# More Swimming stuff.



## Chris Hobson (May 1, 2022)

Yet another update, I'm wondering if anyone reads them anymore as I think that they may be getting a bit repetitive. At the time of writing I've  done 237 miles so I'm almost at the halfway point.

I started out the year as a pretty mediocre swimmer. Now, well still mediocre but a bit further up the Total Fitness pool pecking order than I was. I can now do that lazy but efficient crawl stroke which often allows me to outpace the swimmer in the next lane while making it look as though I'm not even trying. This is quite good for the ego but I've still got a long way to go before I can keep up with the proper swimmers in the fast lane. I am still improving though. At a steady pace one kilometre used to take me half an hour. This gradually came down to twenty five minutes. It's now around twenty three and a half. My swolf score has come down from around 65 in January to 55 now, 53 on a good day. According to the Garmin connect app 40 is a good score so there is my target.

Tumble turns are proving to be a bit of a challenge. I'm getting them more or less right by starting a couple of metres behind the flags, swimming to the end, breath, tumble, underwater wiggle, surface, pick up crawl technique again. That's great says teacher, now it's time for a hundred metre set with tumbles at each end. I thought that I had the breathing technique sorted for my front crawl but not being able to take a few breaths each time you turn at the end makes a big difference. You have to time your last breath and go into your tumble without losing your momentum, do your tumble and your wiggle before you can start breathing again. Consequently, at the fifty metre mark I haven't quite got my breath back before having to hold it again for the next one. By the third turn the wiggle part is non existent as I just need to get to the surface before I drown. Meanwhile, up at the far end there are people making it look easy.

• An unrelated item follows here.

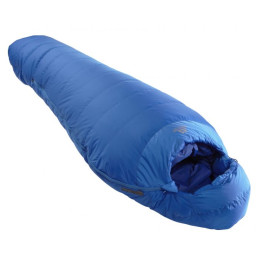 Sac de couchage en plumes Mountain Equipment Classic 750 Long bleue Skydiver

I've lost a little more weight and I'm now down to around 71 kilos. I'm having a great relationship with my reflection as I'm looking very lean and triangle shaped. I've developed a ravenous appetite and have a constant craving for pizza. No matter how much I eat I keep getting thinner.

Meanwhile, don't forget to support the guide dogs. 
www.justgiving.com/fundraising/chris-hobson9


----------



## Grannylorraine (May 3, 2022)

Well done Chris, I always read your report even if I don't reply.  Good on the losing weight while eating more.


----------



## helli (May 3, 2022)

Great effort @Chris Hobson. I am constantly impressed by your reports and perseverance.
Keep at the "tumble and wiggle" - you have a few hundred miles left to perfect it.


----------



## Chris Hobson (May 4, 2022)

I'm now up to 247.9 miles. Being so close to my next spicy food and beer fix gives me an extra incentive to swim further. This morning I got up nice and early and managed to swim 8k, that is five miles. Having done an ironman triathlon, (2.4 mile swim 112 mile bike 26.2 mile run) I mentioned in an old thread a tri distance known as the isoman. This is similar to an ironman but the swim and bike distances are adjusted to make the time for the three disciplines roughly equal. The swim is seven miles, the cycle ride 61 miles and the run the same as an ironman at 26.2 miles. At the time of that post I thought that swimming seven miles was beyond my swimming abilities, now I might be in with a chance.

Edit
Thursday morning's 4k swim brings the total up to 250.4 miles. Yay!


----------